On 9/8/18 6:50 PM, Patrick O'Callaghan wrote:
On Sat, 2018-09-08 at 08:38 +1000, Michael D. Setzer II wrote:
> The jetcat-mod is a filter that monitors the process of the copy, and outputs the
> info every 5 seconds with this option. The dialog then displays a running graph of
> the progress along with estimated speed. In the clone case there is no
> compression, so the rate is generally the physical speed of disk. With image files
> that are compressed, the effective speed can vary greatly depending on how much
> the data was compressed. Mostly just gives progress versus just waiting for the dd
> command to finish.
The only results I see from Google refer to actual jet engines, so I ask again,
where does this come from?
I know what you mean.
I avoid using commands/tools/utilities that aren't part of the Fedora distributions
when answering queries on the mailing list.

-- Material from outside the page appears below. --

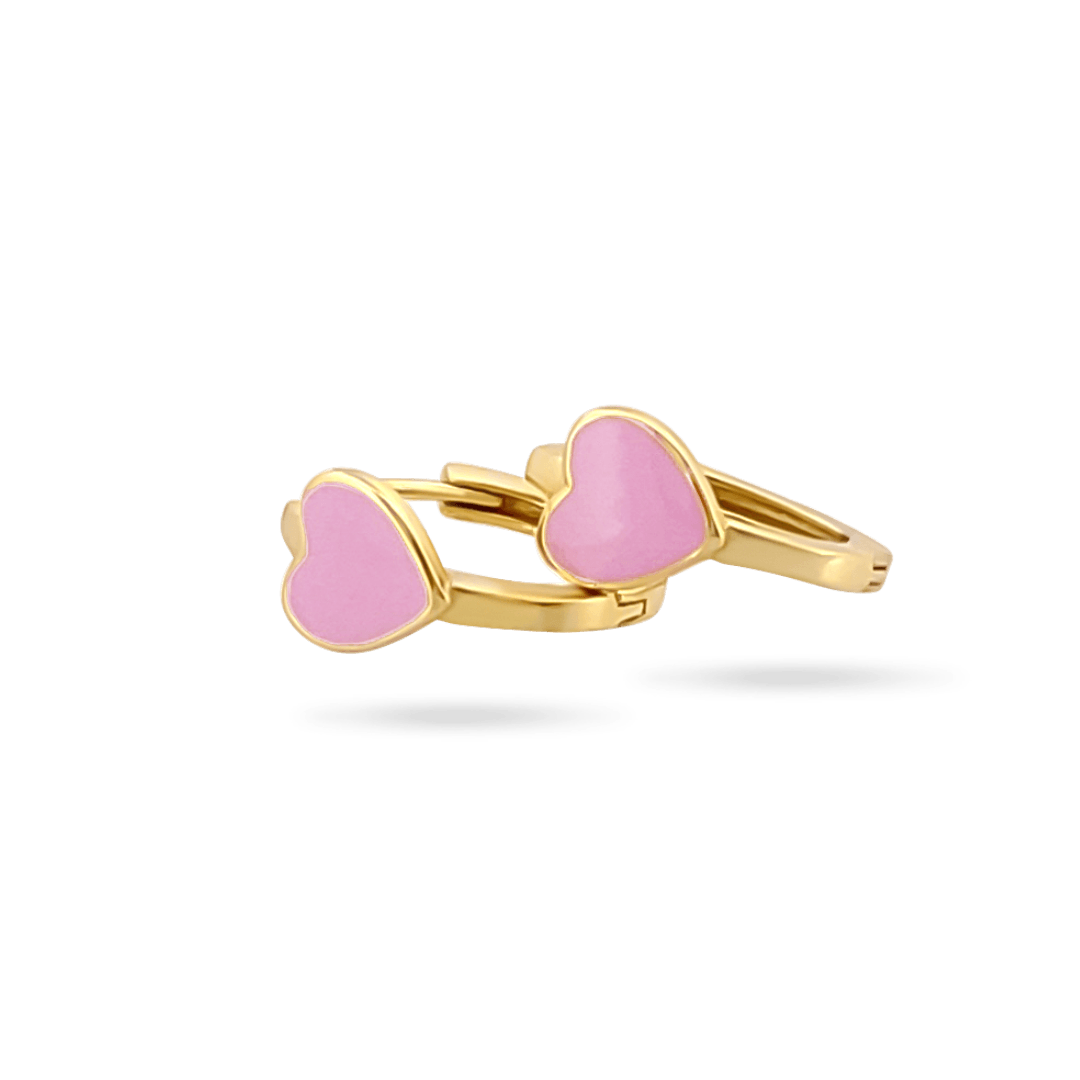 Pink Enamel Heart Hoop Kids Earrings Earrings IceLink-BL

The exception would be commands/tools/utilities which are easily installed from other
well-known repos. I try and
take care to mention the repo they can been installed from.

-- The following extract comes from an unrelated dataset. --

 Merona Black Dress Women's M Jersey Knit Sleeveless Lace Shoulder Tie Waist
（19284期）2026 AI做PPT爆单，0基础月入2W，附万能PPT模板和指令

I try my best not to keep people guessing. And if I do, I give the links to where
something can be found.
One of the not so nice things I've seen happen is people, not the most experienced,
install non-standard stuff on their systems and then forget they've done it. And
then they complain when stuff that worked for them before no longer works as an
upgrade changes a library that is no longer compatible.